College student returns from Tanzania
November 25, 2013 at 11:34 AM
With thanks to Year 9 student Isabella Denholm
In November this year I had the privilege of attending the World Vision (WV) International Triennial Council in Arusha, Tanzania as the WV New Zealand Youth Representative. The theme of the Council was youth engagement and I joined 35 other youth representatives from all around the world to learn and contribute at Council. The 12 days spent there was an amazing, life changing and memorable experience – and one I will never forget!
The overall trip was divided into three phases: Firstly we visited a WV area development project to see the work of WV firsthand and meet some of the families and communities impacted by the assistance of WV New Zealand. Secondly we were involved in a youth preparatory workshop were all the youth representatives prepared their presentations and shared their stories. And thirdly we participated in the actual Triennial Council where we learnt and shared our country presentations with all the WV CEOS and board directors.

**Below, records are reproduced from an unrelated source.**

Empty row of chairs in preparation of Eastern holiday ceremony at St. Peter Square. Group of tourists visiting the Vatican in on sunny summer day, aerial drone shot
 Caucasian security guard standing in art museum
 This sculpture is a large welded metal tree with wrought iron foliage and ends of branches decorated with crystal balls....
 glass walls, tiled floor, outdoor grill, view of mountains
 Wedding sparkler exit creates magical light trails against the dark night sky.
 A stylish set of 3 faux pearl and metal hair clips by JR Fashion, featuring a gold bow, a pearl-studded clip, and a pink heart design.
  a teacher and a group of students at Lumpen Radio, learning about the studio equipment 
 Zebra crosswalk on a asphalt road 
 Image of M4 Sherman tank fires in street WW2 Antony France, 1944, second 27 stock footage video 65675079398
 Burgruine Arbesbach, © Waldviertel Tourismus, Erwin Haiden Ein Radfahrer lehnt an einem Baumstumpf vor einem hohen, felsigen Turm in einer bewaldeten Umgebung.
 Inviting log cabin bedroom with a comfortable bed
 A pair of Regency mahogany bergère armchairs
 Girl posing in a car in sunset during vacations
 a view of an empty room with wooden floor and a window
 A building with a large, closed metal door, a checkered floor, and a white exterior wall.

Magugu Area development Project (ADP)
The first few days in Tanzania were spent at the Magugu ADP. This ADP has been supported by WV NZ and we were able to see firsthand where donor money goes to! We started the trip to the ADP by visiting the wonderful Maasai women. As we pulled in, we were greeted by incredible singing and dancing - and I was amazed by their talent. Everywhere we looked; our eyes were filled with the bright, joyful colours of the ladies dresses and necklaces as they jumped up and down doing the traditional Maasai dance. We then visited ‘Sophia’ who works as a hairdresser, funded by a WV Microfinance project. It was amazing to be able to meet Sophia and to see how Microfinance had impacted her life.
The following day we were lucky enough to be invited along to the opening of a big World Vision project. The Magugu ADP has been working alongside WV to build a large water pipe through the community, which meant that the people in this community now had close and constant access to fresh water. We met the Regional Commissioner here and then visited a few of the villages that were impacted by the water project. It was inspiring to hear the stories about how the water project had made an impact on the lives of so many people in these villages.
I loved visiting the ADP and didn’t want to leave! The children and families were so friendly and made us feel like their own family. Even the Village Chief looked after me! It was sad seeing some of the challenges and difficulties families these communities were facing – many may have only been living on $1-2 dollars a day, but it was amazing to see the difference World Vision has made.
Youth Preparatory Workshop
The next part of our trip was spent at the youth preparatory workshop. Here we got to meet 35 other youth representatives from 32 different countries. We spent time with each other learning about one another’s stories, family, school, communities and lives! It was inspiring to hear everyone’s stories and what it was like back in their home country. WV NZ is a ‘support office’ – and the money raised in NZ goes to the field or ‘field offices’. So it was great to hear and see where our money was actually going to, and how our fundraising and donations really affects the lives of others. It was also interesting seeing the needs amongst youth of other countries compared to those in NZ. Many youth had to face challenges such as poverty, disease, no education and the impact of war etc. We have such different issues facing youth here in NZ – and I realized how lucky we are!!
The last part of our journey was the actual Triennial Council. At the Council, over 300 WV Directors and board members met to discuss the WV strategy for the next three years and hear what youth, like me, had to say about youth engagement! Every morning we attended meetings and learnt about the work of World Vision; what they have achieved over the last three years - and what they intend to do for the years ahead. It was amazing to hear just how much World Vision was doing to help and I was inspired by what they are planning to still do.
One of the highlights for me at the Council was working as a ‘youth journalist’. This meant I had to interview and record the stories and events that took place during Council. It was so sad to hear of the challenges and difficulties in so many developing countries – diseases, war, conflict, poverty etc - but it was inspiring to meet individuals that were working to make change and bring hope.
At Council I also presented my research on what youth in New Zealand were doing to help child wellbeing. It was such a great experience to talk to all the board members and to give suggestions as to how they can work alongside kiwi kids and engage them a lot more.
So in summary, I am so grateful for the opportunity to go to Tanzania with World Vision. It was such an amazing experience and a real eye opener. I will never forget the experiences I had and the people I met. I have friends from 30 different countries and will always remember their stories and courage. It was a truly inspiring trip and of course I now hope to go again someday!